He does not wait for my answer, merely turns, leaving the wide-open door to invite me in. He disappears into the house and in a few seconds the crying stops. It is replaced by a soft music, the metallic kind that comes from a toy or a music box. I swallow hard. But I step inside.
“Could you close the door, please? You’re letting in all that cold air.”
Quickly, I shut the door. A little too hard, I nearly slam it. From within the bowels of a bedroom, the baby starts to whimper loudly again.
“Danny!” Reuven shouts.
“Sorry,” I mumble. “The wind. I’m sorry, Reuven. I’m sorry. I really am sorry.” And I can’t stop saying this. Over and over. Because I really am. Sorry for everything.
He reappears, a mint colored blanket thrown over his shoulder. His face is blanched. He grabs my arm, hard. Hard enough that I flinch. Nails penetrate my skin. “Stop it. I know you are. Stop saying that. Go sit down. God in Heaven, Danny, are you sick or something? Stop mumbling and sit down before you wake him up again.”
I sit down on an ugly floral sofa. I cannot take my eyes off on him. This is all wrong. I am doing this all wrong. Sarah Malter is dead. Reuven is still in his shlosim, or thirty day mourning period. And I arrive, disturb the household, act like a fool, and scare my best friend. What kind of man am I?
Reuven does not sit. Instead he floats ghost-like through the house, bringing me a cup of tea, checking on the baby, putting some sort of dish into the oven. I want to offer to help. But I can’t stop watching him. He seems unable to stop. His slacks and shirt are neatly pressed, his shoes polished. His hair is combed, although a bit shaggy and over-long as men are not allowed to shave or cut their hair during their mourning period. Even his nails are trimmed. No one who saw him would know that he had lost his wife less than a month ago. He looks professional.
He looks a bit…unhinged.
“I should have come sooner.” I tell him as he sprints past me for the third time.

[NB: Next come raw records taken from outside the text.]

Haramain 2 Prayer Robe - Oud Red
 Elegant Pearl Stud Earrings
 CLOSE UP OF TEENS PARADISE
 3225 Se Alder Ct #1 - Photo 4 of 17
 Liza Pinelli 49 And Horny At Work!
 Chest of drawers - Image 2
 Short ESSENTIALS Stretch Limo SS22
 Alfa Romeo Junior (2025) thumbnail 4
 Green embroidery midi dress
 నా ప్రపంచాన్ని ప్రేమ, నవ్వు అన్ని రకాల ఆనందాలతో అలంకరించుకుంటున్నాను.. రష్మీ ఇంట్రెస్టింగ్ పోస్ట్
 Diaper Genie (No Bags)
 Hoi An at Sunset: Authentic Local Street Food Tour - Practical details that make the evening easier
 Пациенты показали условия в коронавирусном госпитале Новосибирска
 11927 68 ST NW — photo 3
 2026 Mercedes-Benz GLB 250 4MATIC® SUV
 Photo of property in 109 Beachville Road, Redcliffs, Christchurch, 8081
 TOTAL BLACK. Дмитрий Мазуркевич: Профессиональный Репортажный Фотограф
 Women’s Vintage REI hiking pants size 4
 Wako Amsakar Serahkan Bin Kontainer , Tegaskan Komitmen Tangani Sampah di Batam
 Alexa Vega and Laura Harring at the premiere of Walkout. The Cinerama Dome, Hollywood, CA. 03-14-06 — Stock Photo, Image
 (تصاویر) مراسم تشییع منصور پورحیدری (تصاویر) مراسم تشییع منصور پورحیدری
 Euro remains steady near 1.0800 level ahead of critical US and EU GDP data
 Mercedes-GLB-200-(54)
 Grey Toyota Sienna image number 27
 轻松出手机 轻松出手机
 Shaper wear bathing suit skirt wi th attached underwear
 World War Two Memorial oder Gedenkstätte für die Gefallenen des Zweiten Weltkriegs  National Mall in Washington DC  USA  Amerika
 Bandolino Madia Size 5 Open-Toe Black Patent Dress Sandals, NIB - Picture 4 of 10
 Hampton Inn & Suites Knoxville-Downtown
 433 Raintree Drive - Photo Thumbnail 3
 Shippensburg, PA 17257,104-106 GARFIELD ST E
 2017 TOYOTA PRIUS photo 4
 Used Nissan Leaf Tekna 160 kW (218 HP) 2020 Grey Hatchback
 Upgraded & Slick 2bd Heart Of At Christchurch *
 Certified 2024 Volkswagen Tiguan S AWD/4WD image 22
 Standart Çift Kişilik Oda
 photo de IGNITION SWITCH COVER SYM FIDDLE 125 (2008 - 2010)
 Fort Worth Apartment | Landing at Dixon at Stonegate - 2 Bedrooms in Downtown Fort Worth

“Why didn’t you?” A fair question.
“Are you in a race or something?”
He stops, his hands in the middle of tying twine around a bundle of newspapers. I can see the headline on the top one from where I sit, the large black letters: Kennedy Killed By Sniper.
“What?”
“Do you think you could sit down for a minute? You’re making me nervous running around like that.”
“Danny, I have things to do.”
“You have nothing to do.” This time I grab his arm, albeit in a much friendlier manner. I lead him to a chair near the fireplace, where a small flame is gasping for life. “You’re acting just like my mother did when my father died. You think that if you don’t stop, you won’t have to think. It doesn’t work. Sit down.”
He sort of glares up at me, pushing his glasses up on his nose. They are dark eyes, but I can see the red-rims. The purple-black sleepless sockets they sit in. I can tell that he has not slept in days. “Don’t you have a nurse?” I ask, because I cannot form the questions I really want answers to.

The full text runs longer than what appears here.